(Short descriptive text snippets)
- Opening Delimiter -

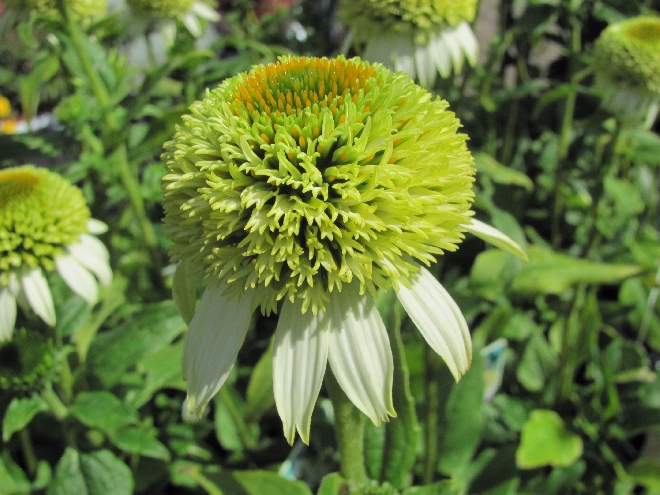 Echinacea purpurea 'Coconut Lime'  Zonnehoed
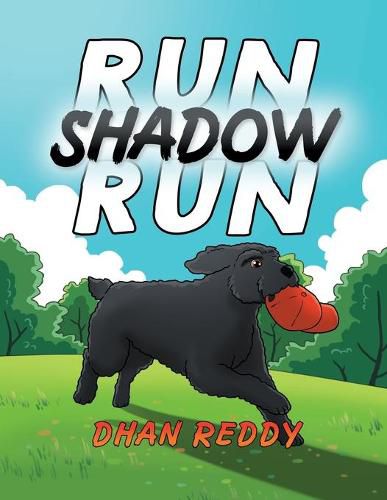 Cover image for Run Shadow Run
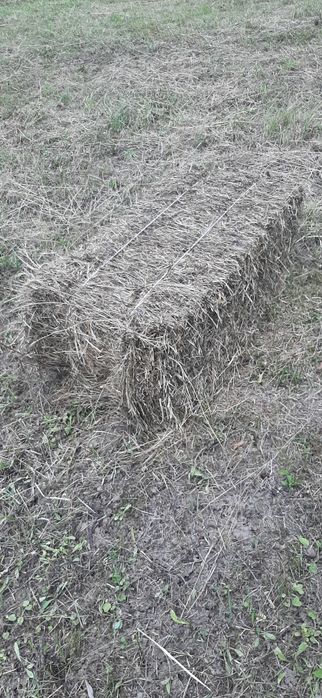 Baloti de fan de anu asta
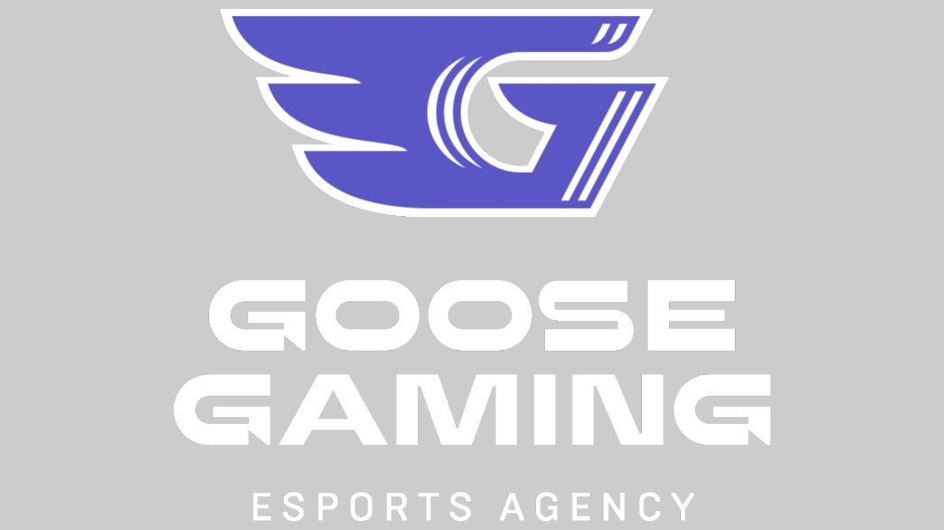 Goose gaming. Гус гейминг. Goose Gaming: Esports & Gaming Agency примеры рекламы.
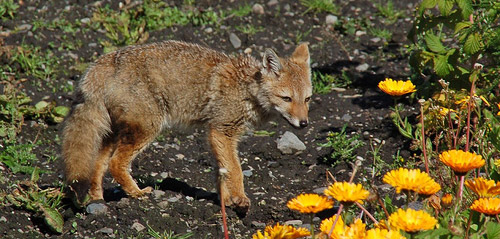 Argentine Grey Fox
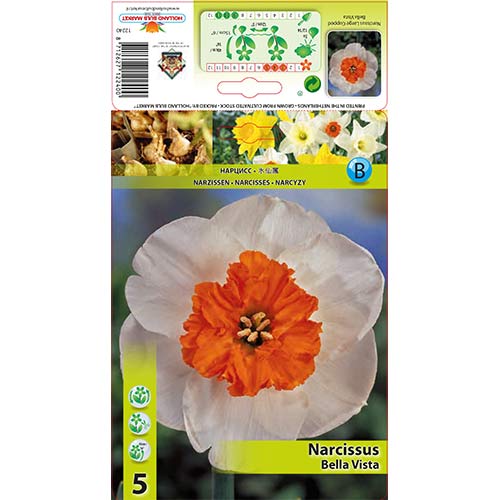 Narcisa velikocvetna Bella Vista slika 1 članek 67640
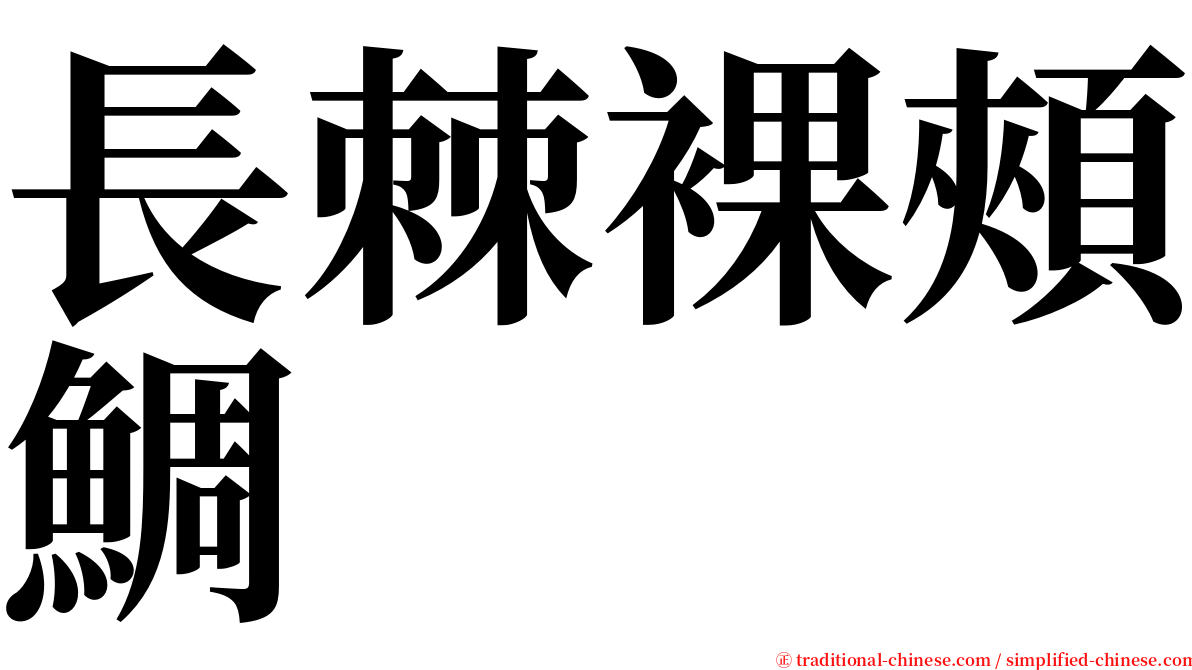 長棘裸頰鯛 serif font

- Closing Delimiter -

Your answer must be an exact copy of the lines from the line with "Cover image for Run Shadow Run" to the final line of the data, both ends included, and no pictures.

 Cover image for Run Shadow Run
 Baloti de fan de anu asta
 Goose gaming. Гус гейминг. Goose Gaming: Esports & Gaming Agency примеры рекламы.
 Argentine Grey Fox
 Narcisa velikocvetna Bella Vista slika 1 članek 67640
 長棘裸頰鯛 serif font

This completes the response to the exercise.